According to an outdated set of laws in North Carolina, a man or woman cannot legally claim to have been raped, if, at any point, they consented to sex with their partner.
This backwards law has had a detrimental effect on more than one legitimate rape case, allowing perpetrators of violent, violating crimes to escape punishment on a confusing technicality.
Thanks to current laws in the state, if a person initially granted consent for a sexual act, that consent cannot be revoked, in the eyes of the law, for the remainder of the act. Simply, by consenting at one moment, a participant is then trapped in the intercourse with no recourse.
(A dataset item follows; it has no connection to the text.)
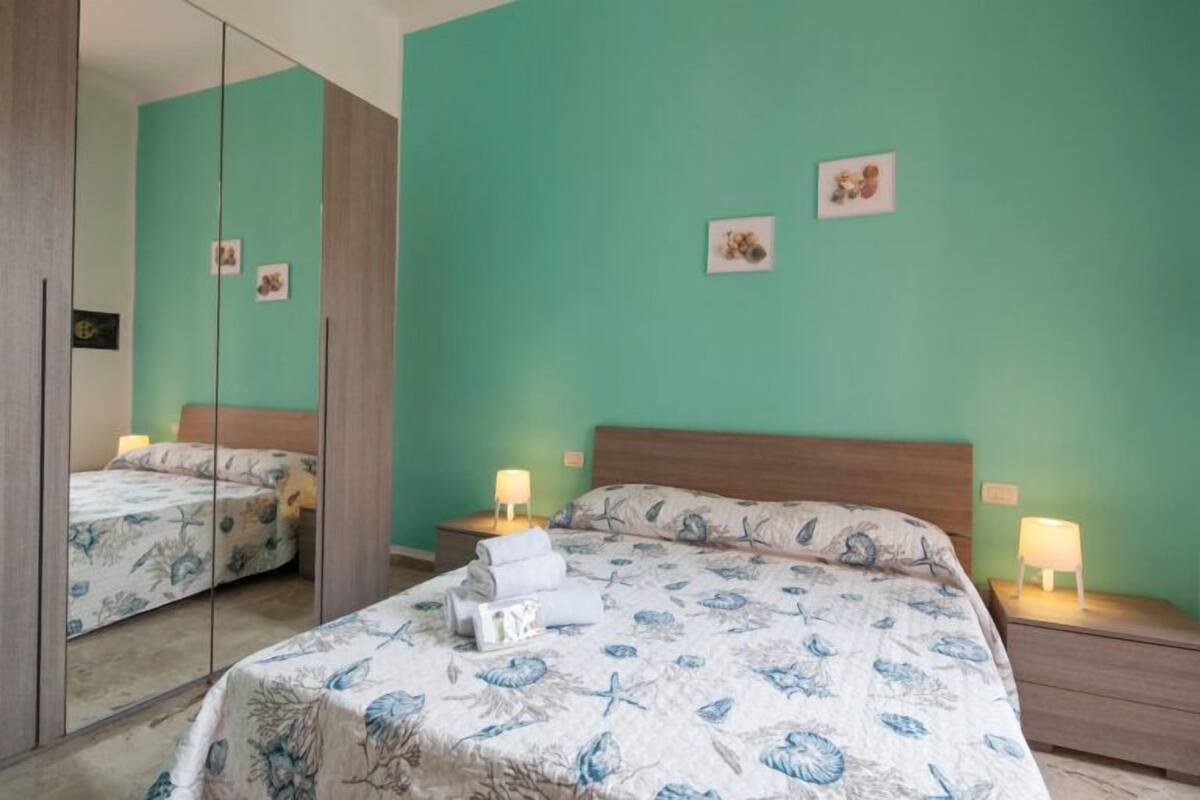 Een slaapkamer met een spiegelkast, een bed met bloemenbedekking, twee nachtkastjes met lampen en een groene muur met ingelijste foto’s.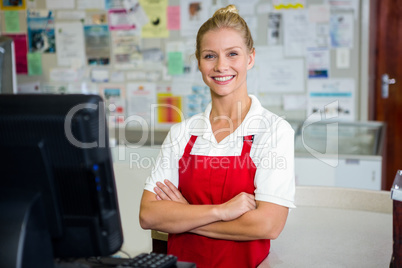 Smiling shop assistant with arms crossed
The precedent was set in a 1979 state supreme court ruling which established the rules of consent. That ruling has never been overturned, resulting in a lack of justice for many victims.
“North Carolina woman, Amy Guy, … was estranged from her husband when he showed up unannounced at her new home and demanded she sleep with him. Her husband had been violent in the past, Guy said, so she consented. When he began to hurt her, she told him to stop. He did not.”
Guy pursued felony rape charges against her husband, but because of the established ruling, her husband pleaded guilty to a lesser misdemeanor charge. Guy is just one of many women and men who have faced legal hurdles thanks to existing law.
Simply, it must be changed.
State Senator Jeff Jackson has introduced legislation which could amend the law to be more accurate, an action inspired by his previous career as a criminal prosecutor.
In a statement announcing the legislation, Jackson explained,
“North Carolina is the only state in the country where no doesn’t really mean no. We have a clear ethical obligation to fix this obvious defect in our rape law.”
The legislation will hopefully be a slam-dunk. After all, what argument could possibly be made to argue that it should remain as un-encompassing and restrictive as it is now? Most sane people believe that we are ultimately both responsible for and allowed to decide what happens with our own bodies, our own lives.
If victims in North Carolina are being denied justice because of a badly written law in need of amending, then fixing that law should be as simple as it can be.